WHAT YOU HAVE TO DO → Look below for the line containing "Обшивка стойки Astra H / Family 2004-2015" and the line containing "Toyota Wildlander 2024"; repeat exactly those two lines and all lines between them, and nothing else.

DATA SUPPLIED →
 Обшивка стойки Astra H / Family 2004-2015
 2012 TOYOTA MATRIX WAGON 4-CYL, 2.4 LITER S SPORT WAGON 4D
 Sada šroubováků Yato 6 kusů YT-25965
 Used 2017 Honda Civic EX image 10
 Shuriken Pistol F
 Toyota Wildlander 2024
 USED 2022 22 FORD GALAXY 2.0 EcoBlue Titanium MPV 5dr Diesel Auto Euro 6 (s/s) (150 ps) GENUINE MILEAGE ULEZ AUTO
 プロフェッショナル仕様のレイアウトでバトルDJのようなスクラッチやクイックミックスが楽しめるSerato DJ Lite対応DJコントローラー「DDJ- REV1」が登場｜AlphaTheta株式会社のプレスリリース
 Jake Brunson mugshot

---

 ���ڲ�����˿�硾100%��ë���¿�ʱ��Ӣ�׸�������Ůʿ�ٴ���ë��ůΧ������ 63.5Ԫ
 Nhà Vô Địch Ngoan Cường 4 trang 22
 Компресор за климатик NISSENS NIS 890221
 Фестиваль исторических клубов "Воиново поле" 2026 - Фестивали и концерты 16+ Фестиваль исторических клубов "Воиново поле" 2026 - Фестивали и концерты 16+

THE COMPLETED TASK →
 Обшивка стойки Astra H / Family 2004-2015
 2012 TOYOTA MATRIX WAGON 4-CYL, 2.4 LITER S SPORT WAGON 4D
 Sada šroubováků Yato 6 kusů YT-25965
 Used 2017 Honda Civic EX image 10
 Shuriken Pistol F
 Toyota Wildlander 2024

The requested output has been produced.